I'd be cautious about drawing many coding lessons from the TextAnalysis 
package, which has been never been optimized for performance.

 -- John

On Dec 16, 2014, at 3:30 AM, Michiaki ARIGA che...@gmail.com wrote:

 Thanks for Pontus's kind explanation. He answered what I want to know.
 I want to know the standard way to create dictionary (which is a set of words 
 for ASR or NLP).
 
 To create dictionary for speech recognition or something NLP, we often 
 control size of vocabulary. There are two ways to limit size of vocabulary, 
 one is to cut under threshold frequency that Pontus showed, and the other is 
 to pick up top N frequent words (ngram tool kit such as IRSTLM supports this 
 situation and it is popular way to control necessary memory size). If I want 
 to pick frequent words, I think I'll use DataFrame.
 
 On Tue Dec 16 2014 at 15:31:00 Todd Leo sliznmail...@gmail.com wrote:
 Could you provide any clue to guide me locate the issue?

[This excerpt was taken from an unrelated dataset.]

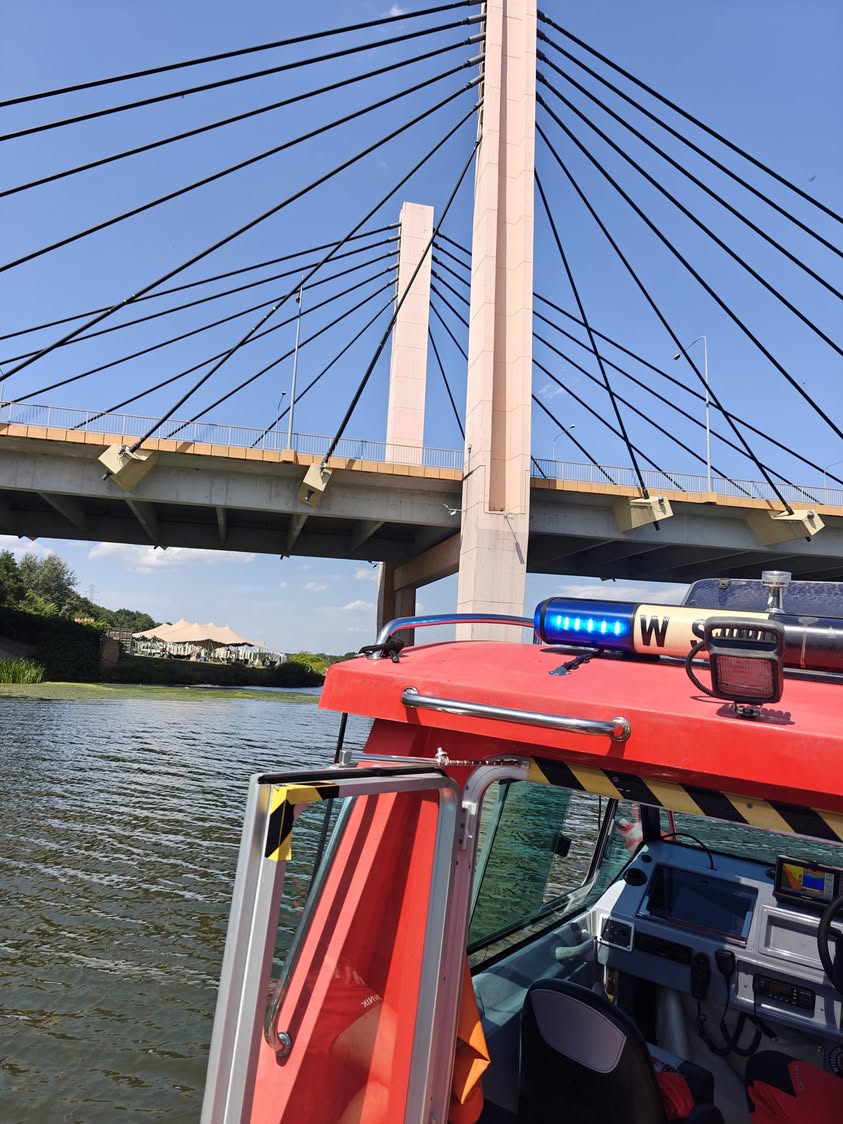 Dziecko było na barierkach mostu Milenijnego we Wrocławiu - Paragraf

I'm willing to make 
 a PR but I am unable to find the related issue.
 
 
 On Tuesday, December 16, 2014 3:38:11 AM UTC+8, Stefan Karpinski wrote:
 There is not, but if I recall, there may be an open issue about this 
 functionality.
 
 On Sun, Dec 14, 2014 at 10:15 PM, Todd Leo sliznm...@gmail.com wrote:
 Is there a partial sort equivalent to sortperm! ? Supposingly selectperm! ?
 
 On Monday, December 8, 2014 8:21:33 PM UTC+8, Stefan Karpinski wrote:
 We have a select function as part of Base, which can do O(n) selection of the 
 top n:
 
 julia v = randn(10^7);
 
 julia let w = copy(v); @time sort!(w)[1:1000]; end;
 elapsed time: 0.882989281 seconds (8168 bytes allocated)
 
 julia let w = copy(v); @time select!(w,1:1000); end;
 elapsed time: 0.054981192 seconds (8192 bytes allocated)
 
 So for large arrays, this is substantially faster.
 
 On Mon, Dec 8, 2014 at 3:50 AM, Jeff Waller trut...@gmail.com wrote:
 This can be done in O(N).  Avoid sorting as it will be O(NlogN)
 
 Here's one of many Q on how 
 http://stackoverflow.com/questions/7272534/finding-the-first-n-largest-elements-in-an-array
 
 



Re: [julia-users] Re: How can I sort Dict efficiently?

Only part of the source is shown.